Mit Beschluß vom 28. Juni 2000 hat die Markenstelle für Klasse 25 IR den Widerspruch gemäß § 43 Abs 2 MarkenG zurückgewiesen, weil eine rechtserhaltende Benutzung der Widerspruchsmarke nicht glaubhaft gemacht worden sei. Die eingereichten Unterlagen bezögen sich auf eine Benutzungsform, bei der das Bildelement der registrierten Marke gegen ein völlig anderes ausgetauscht sei. Dadurch trete eine wesentliche Veränderung des kennzeichnenden Charakters der Marke ein, denn dem Bildbestandteil komme im Rahmen der Gesamtgestaltung keine untergeordnete Bedeutung zu. Aufgrund seiner beachtlichen Größe und seiner räumlichen Anordnung über dem Wortbestandteil "SINTESIS" präge er den Gesamteindruck mit, zumal das Publikum dem Wort "SINTESIS" einen beschreibenden Anklang an Synthese oder synthetisch entnehme. Es habe aus diesem Grund keinen Anlaß, die benutzte Form der eingetragenen IR-Marke gleichzusetzen.
Mit der hiergegen gerichteten Beschwerde macht die Widersprechende geltend, daß die Widerspruchsmarke durch den Wortbestandteil "SINTESIS" geprägt werde, dem entgegen der Ansicht der Markenstelle kein irgendwie gearteter beschreibender Bezug zu Bekleidungsstücken zu entnehmen sei. Der geänderte Bildbestandteil trage lediglich dem Wandel des geschmacklichen Empfindens der beteiligten Verkehrskreise Rechnung, ohne daß diese Abweichung für den Verkehr aber Anlaß sei, in der benutzten Form eine andere Kennzeichnung zu sehen als die eingetragene IR-Marke.

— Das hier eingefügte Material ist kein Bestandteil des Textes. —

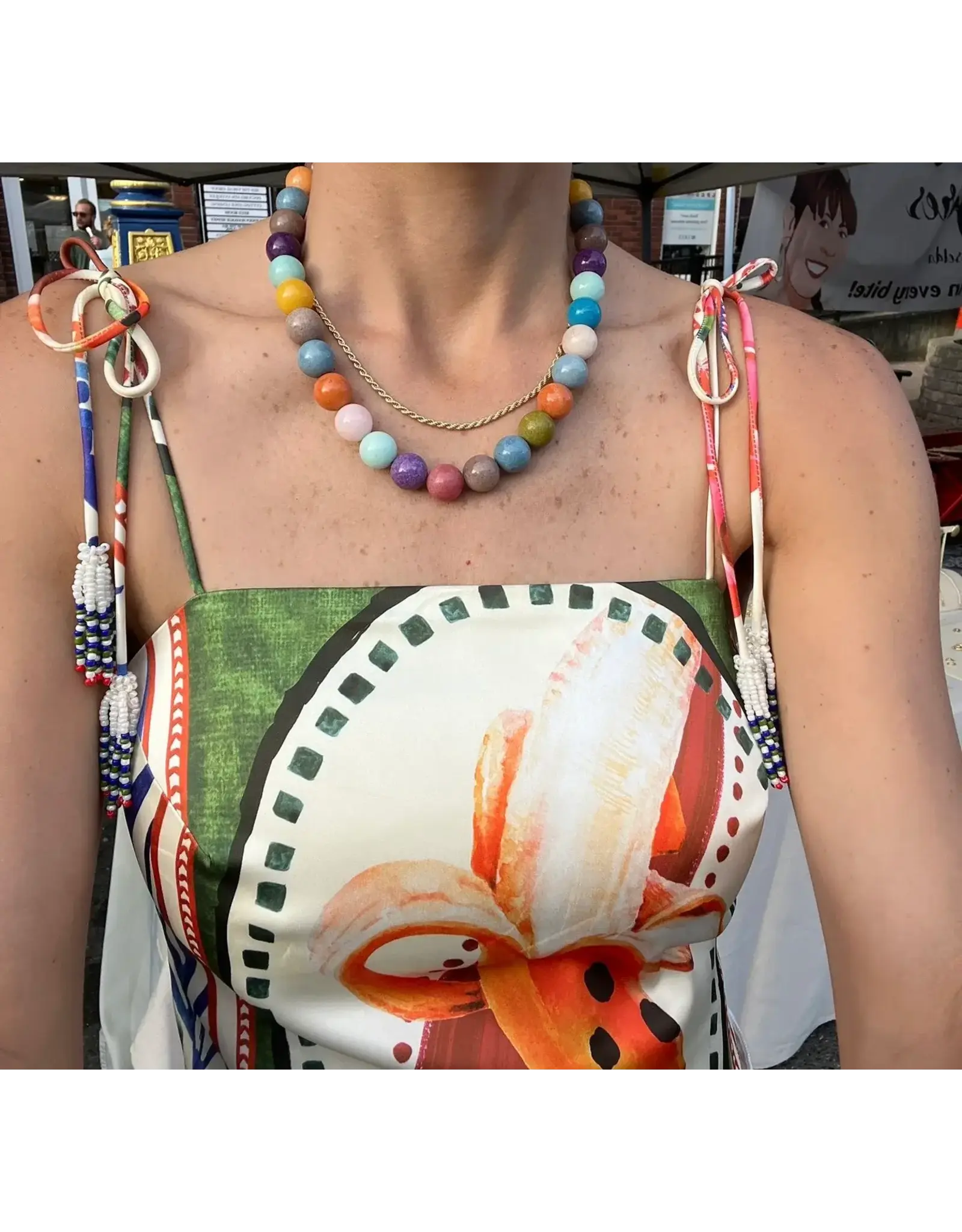 Handmade Natural Stone Beaded Necklace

Die Widersprechende beantragt, den angefochtenen Beschluss aufzuheben und der IR-Marke unter Anerkennung der rechtserhaltenden Benutzung der Widerspruchsmarke den Schutz in Deutschland zu verweigern.
Die Inhaberin der angegriffenen Marke beantragt, die Beschwerde zurückzuweisen.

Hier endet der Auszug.